Howlin hopeful as Government offers new talks on public-sector pay cuts

The Government has offered to open a second round of talks with unions despite warning the public sector that it would enforce pay cuts.

Howlin hopeful as Government offers new talks on public-sector pay cuts

The Government has offered to open a second round of talks with unions despite warning the public sector that it would enforce pay cuts.

Minister for Public Expenditure and Reform Brendan Howlin has asked one of the country’s top industrial relations mediators to see if there are grounds for re-run negotiations.

The initiative has been taken after several unions overwhelmingly rejected pay cuts and reforms under Croke Park II.

Mr Howlin said that the Government remained committed to taking €300m off the public sector pay and pensions bill this year, and €1bn by 2015.

He will ask Kieran Mulvey, chief executive of the Labour Relations Commission, to contact union leaders to see if they are willing to reopen negotiations on cost-cutting.

“The Government further agreed to request the CEO of the Labour Relations Commission to make contact with the parties in the coming days to establish whether or not there is a basis for a negotiated agreement to meet these budgetary targets,” the Department of Public Expenditure and Reform said in a statement.

Taoiseach Enda Kenny said he should get an answer from the Labour Relations Commission on a re-run of negotiations within two weeks.

“It’s important that the country and Government stick to our plan here which is working in a sense of moving towards confidence in the Irish economy again,” he said.

“And as the Minister for Finance has pointed out, any flexibility that arises up ahead here should clearly be invested in infrastructure for the public good like schools and primary care centres and public buildings where contractors and people can have the opportunity to go to work and earn a living and have an investment for the future.”

Finance Minister Michael Noonan said the Government will invest in the economy if the money is there to work with once targets under the bailout are met.

Earlier, members of an Oireachtas committee walked out in a row over the €300m in savings being included in a debate on Government spending estimates.

Independent TD for Wicklow and East Carlow, Stephen Donnelly, walked out with Mr Fleming and Sinn Féin’s Mary Lou McDonald.

“The Government is forcing through the spending estimates for 2013 based on Croke Park II having been accepted. This is an insult to public sector workers who rejected the deal only six days ago,” he said.

Among the unions to vote against the first deal – despite Mr Howlin’s threat of unilateral pay cuts and reforms – were Siptu, the Irish National Teachers’ Organisation (INTO), the Association of Secondary Teachers’ of Ireland (Asti), the Teachers’ Union of Ireland (TUI), the Irish Nurses’ and Midwives’ Organisation (INMO) and the Civil and Public Services Union (CPSU).

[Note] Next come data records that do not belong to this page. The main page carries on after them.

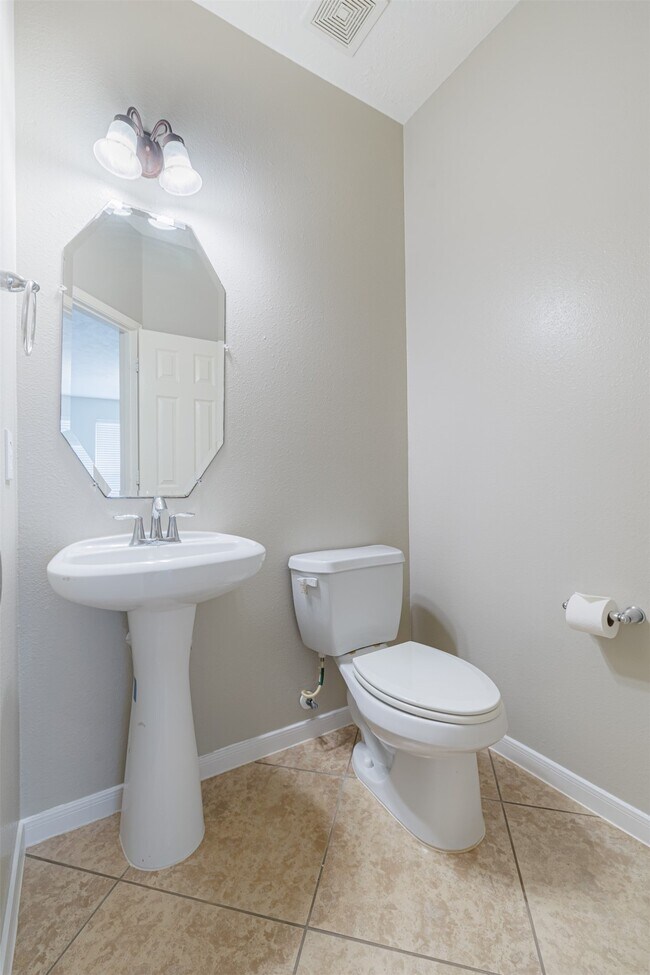Photo - 8322 Encinitas Cove Dr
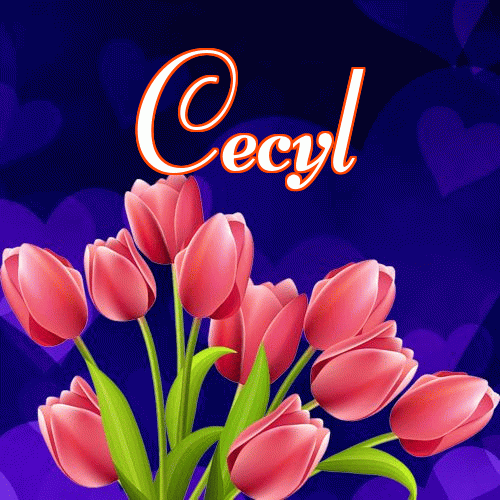 Miłego wieczoru i dobrej nocy życzę!。 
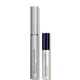 RevitaLash Cosmetics Dermstore Exclusive Full Size Revitalash Advanced Conditioner Duo (Worth $208.00)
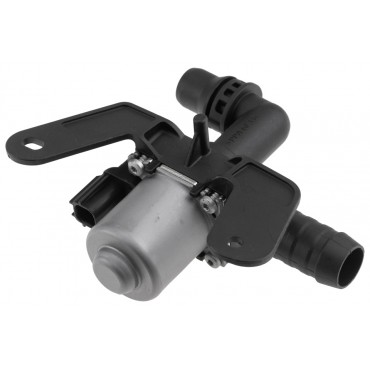 Vanne de Régulation de Chauffage Pour Ford Transitn 1.5 1.6 TDCI CV618495TB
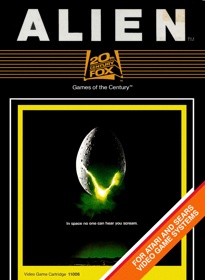 Alien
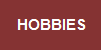 hobbies
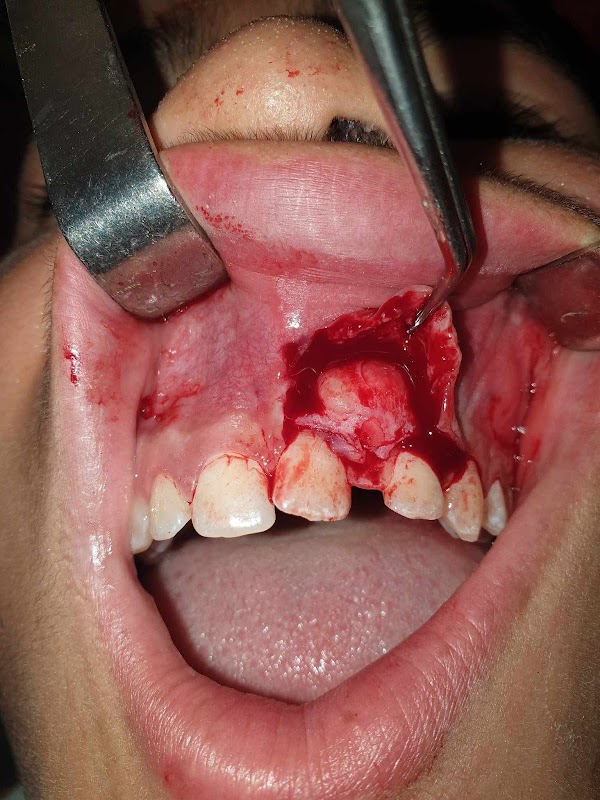 ATCDNfVaWxrkylOYCT4f1AYhr97dRs0bD1Hessnd3uLlHM7-2BMYl8SpjqkgrCLxJVAOSMYd2qM_ttPNJ9GetDcvwz4KTDU8dAlPowGwu3mB2cJWIr9XcBgb0Qdk50wicM8kpen1TS0mYjhsDpRSyYJhYn5jPs9ZNtbuxOTg5WH8Q6SbLFQDYAij2EmRAbN_qxE9DyZaZuAHQKSv67XPHfI4e7oYinhKkylA9dVE93dtdi13cFMLpnF4FaINFy_scuSJFS_fuo7UJgMlnLEBW-PLDMmOCR_F7JPUT4lFvr98bOG_uw_3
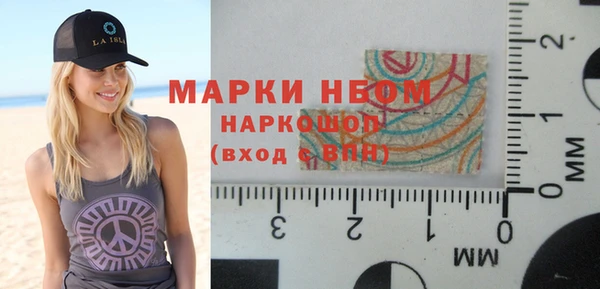 гашик Богородицк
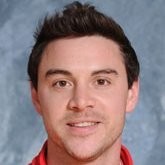 Brandon Hulett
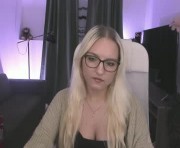 Profile picture of violamore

In response, the No2CrokePark2 campaign group called on union leaders not to take up the offer of talks.

Spokesperson Eddie Conlon said: “Entering talks would be a betrayal of all those who voted no and said very clearly that they have had enough of austerity and cuts. ”

Last week, the INTO said it would ballot its members for strike action in case the Government pushed through with the threats to make unilateral cuts to pay and changes to working regimes following the rejection of Croke Park II.

Sean Fleming, Fianna Fáil spokesman on public expenditure and reform, accused the Government of ignoring the public servants unions' ballots.

“For this initiative to have any prospect of success, I believe that the Government needs to demonstrate that it is proceeding in good faith and that it respects the decision of the public service in rejecting the original deal,” he said.

He added: “It appears to be simply the latest chapter in the story of divide and conquer, bribery and threat which has characterised the Government’s approach to this process to date.”